Plusieurs milliards de dollars débloqués

A défaut d’avoir réussi à convaincre les Etats de s’engager sur des plans nationaux, Antonio Guterres est parvenu à faire bouger les lignes des acteurs économiques. Entre samedi et lundi, le sommet a donné lieu à pléthore d’initiatives sur des sujets thématiques, comme l’adaptation au réchauffement, la sortie du charbon ou la neutralité carbone – auxquelles se sont également joints des Etats. Tandis que 87 entreprises internationales (Danone, Engie, Ikea, L’Oréal, Nestle, Sodexo, etc.) s’engageaient à s’aligner sur l’objectif de limiter la hausse des températures à 1,5 °C, quinze gouvernements (Argentine, Inde, Sénégal, etc.) et dix entreprises (Enel, Saint-Gobain, etc.) promettaient d’accélérer l’efficacité énergétique de 3 % par an.

De nombreux acteurs ont également mis la main au portefeuille, la finance s’avérant le nerf de la guerre des négociations climatiques.

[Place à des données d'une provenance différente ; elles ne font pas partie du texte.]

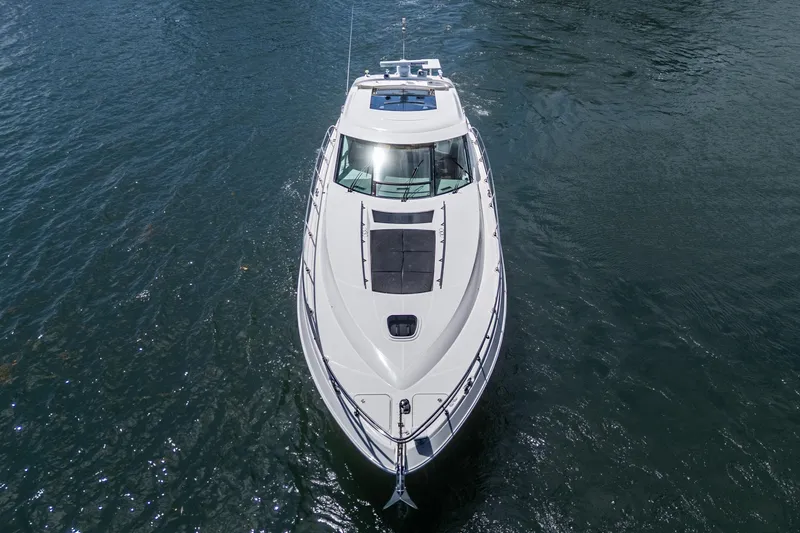 Slide: The Image of 2014 Sea Ray 540 Sundancer yacht cruising on open water, aerial view. - 10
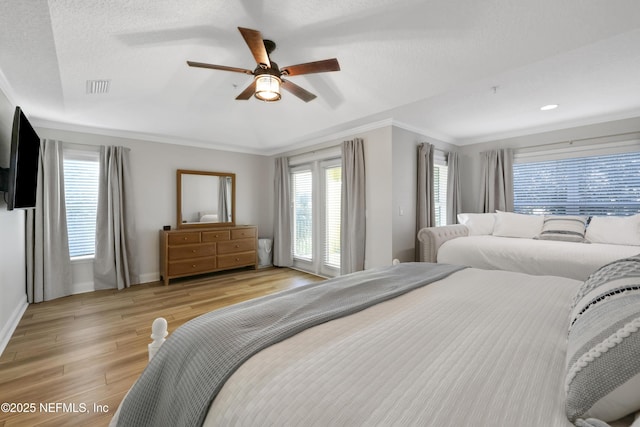 2003 Windjammer Ln, Saint Augustine, FL 32084 - bedroom with a textured ceiling, ceiling fan, crown molding, and light hardwood / wood-style floors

La Fondation Bill et Melinda Gates, la Banque mondiale et plusieurs gouvernements ont annoncé débloquer 790 millions de dollars (720 millions d’euros) pour renforcer la résilience de 300 millions de petits exploitants agricoles face à l’augmentation des impacts climatiques. Les vingt-cinq plus grandes banques nationales et régionales de développement, dont l’Agence française de développement, ont pour leur part décidé de financer 1 000 milliards de dollars (910 milliards d’euros) de projets climat d’ici à 2025. Elles ont également lancé un partenariat avec le Fonds vert pour le climat, l’un des mécanismes financiers créés pour mobiliser l’argent des pays du Nord en faveur de ceux du Sud, qui totalise désormais 7 milliards de dollars (6,4 milliards d’euros) pour sa recapitalisation.

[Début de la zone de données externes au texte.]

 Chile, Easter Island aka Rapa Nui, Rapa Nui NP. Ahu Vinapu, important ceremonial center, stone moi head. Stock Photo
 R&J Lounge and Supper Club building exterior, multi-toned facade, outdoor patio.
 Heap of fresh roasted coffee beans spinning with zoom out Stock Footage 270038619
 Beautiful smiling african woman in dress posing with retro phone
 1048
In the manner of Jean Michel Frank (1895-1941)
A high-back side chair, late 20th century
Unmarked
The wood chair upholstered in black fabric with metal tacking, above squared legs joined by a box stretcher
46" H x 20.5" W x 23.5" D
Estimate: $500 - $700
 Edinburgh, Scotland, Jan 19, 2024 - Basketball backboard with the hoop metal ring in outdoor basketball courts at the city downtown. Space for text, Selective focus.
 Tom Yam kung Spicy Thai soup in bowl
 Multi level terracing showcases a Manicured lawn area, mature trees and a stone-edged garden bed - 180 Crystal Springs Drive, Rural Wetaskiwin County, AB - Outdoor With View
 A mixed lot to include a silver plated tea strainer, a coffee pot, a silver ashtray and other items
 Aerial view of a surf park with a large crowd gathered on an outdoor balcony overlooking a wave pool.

Si Andrew Steer, le président du WRI, félicite un « secteur privé et des acteurs infranationaux qui avancent plus vite que les gouvernements nationaux », Jennifer Morgan, directrice de Greenpeace International, voit, elle, « des engagements trop vagues et un manque de crédibilité ». « On n’a plus le temps pour les initiatives volontaires d’entreprises, juge-t-elle. Il faut des réglementations étatiques qui mettent fin aux énergies fossiles et modifient en profondeur les transports ou les bâtiments. »

L’observatrice met toutefois au crédit de ce sommet, « qui ne peut pas être qualifié d’échec », d’avoir remis le climat sur la table des dirigeants. « Nous avons encore beaucoup de chemin à faire pour remporter cette course », a conclu Antonio Guterres, appelant les pays à être aux rendez-vous des COP25 et CO26. Les jeunes qui défileront une fois de plus dans le monde, vendredi 27 septembre, sauront leur rappeler de joindre le geste à la parole.

Audrey Garric (New York, envoyée spéciale)

Greta Thunberg et quinze autres jeunes intentent une action juridique contre cinq pays. Seize jeunes de 8 à 17 ans, venus de douze pays et emmenés par la Suédoise Greta Thunberg, ont annoncé, lundi 23 septembre, le dépôt d’une plainte visant cinq pays pollueurs : France, Allemagne, Argentine, Brésil et Turquie. Ils estiment que l’inaction des dirigeants est une atteinte à la convention de l’ONU sur les droits de l’enfant, signée il y a trente ans. « Ils n’ont pas tenu leurs engagements », a déclaré Greta Thunberg, en marge du sommet sur le climat de l’ONU. « Chacun de nous a vu ses droits violés et reniés. Nos avenirs sont en train d’être détruits », a ajouté l’Américaine Alexandria Villasenor. Cette plainte inédite a été déposée avec l’aide du cabinet international d’avocats Hausfeld et la bénédiction de l’Unicef. Elle s’inscrit dans le cadre d’un « protocole optionnel » méconnu de la convention : il autorise depuis 2014 des enfants à porter plainte devant le comité des droits de l’enfant de l’ONU, s’ils estiment que leurs droits sont bafoués. Les pays visés avaient ratifié ce protocole.